Oltre a Matera, hai altri luoghi lucani che ti stanno particolarmente a cuore?
Ho dei nonni di Ferrandina, basterebbe questo, ma ci aggiungo anche tutto il versante delle montagne lucane che, tra infanzia e adolescenza, ho esplorato da scout. Il monte Raparo, il monte Caramola, il Pollino: queste sono zone di una bellezza mozzafiato in tutte le stagioni, che mi ricordano anche la gioia e l’unicità delle prime esperienze fuori casa, della crescita con amici con cui non solo scoprivamo la natura bensì anche noi stessi.
A cosa non riesci a rinunciare di lucano quando, ovvero sempre, sei fuori per lavoro?
Io sono fuori da Matera dal 1996, è tantissimo tempo, più di metà della mia vita da adulto, e ciò a cui proprio non posso rinunciare sono i sapori, sicuramente per la bontà ma anche perché ci collegano ai ricordi, all’identità, alle coccole. Quindi, sin da quando sono partito per gli studi universitari, ci sono valige in continuo viavai che contengono salumi e scamorze ancora freschi o taralli.
Una buona ragione per venire in Basilicata?

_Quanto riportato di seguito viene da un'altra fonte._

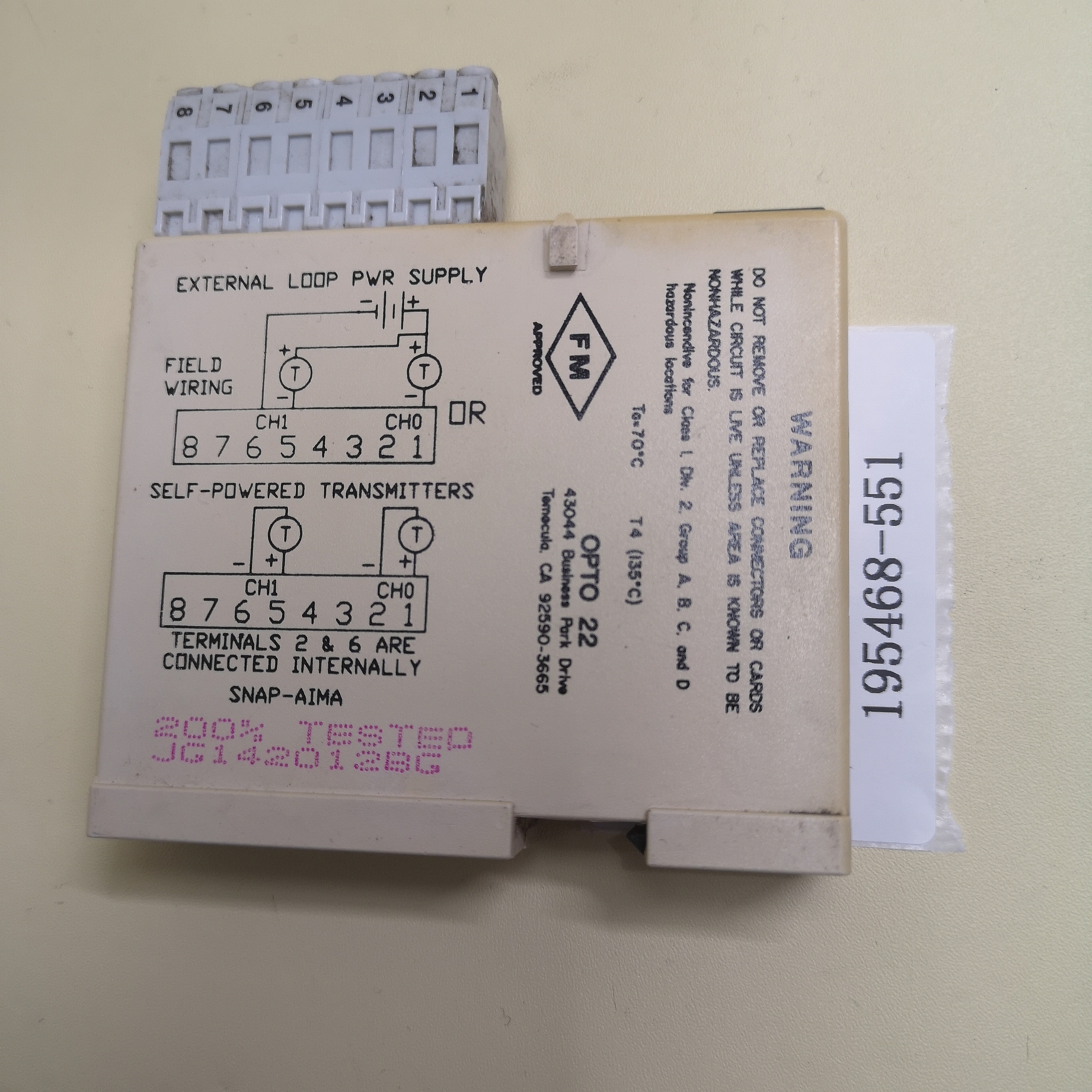 OPTO 22 SNAP-AIMA Module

Ce ne sono tante ma la principale risiede nel fatto che questa regione, essendo ancora poco conosciuta, permette ai visitatori di vivere un’esperienza conoscitiva molto personale. Qui ci arrivano visitatori che hanno tempo di conoscere il territorio e, tra l’altro, sono anche pronti a ritornare, proprio per viverne ed apprezzarne la naturalezza.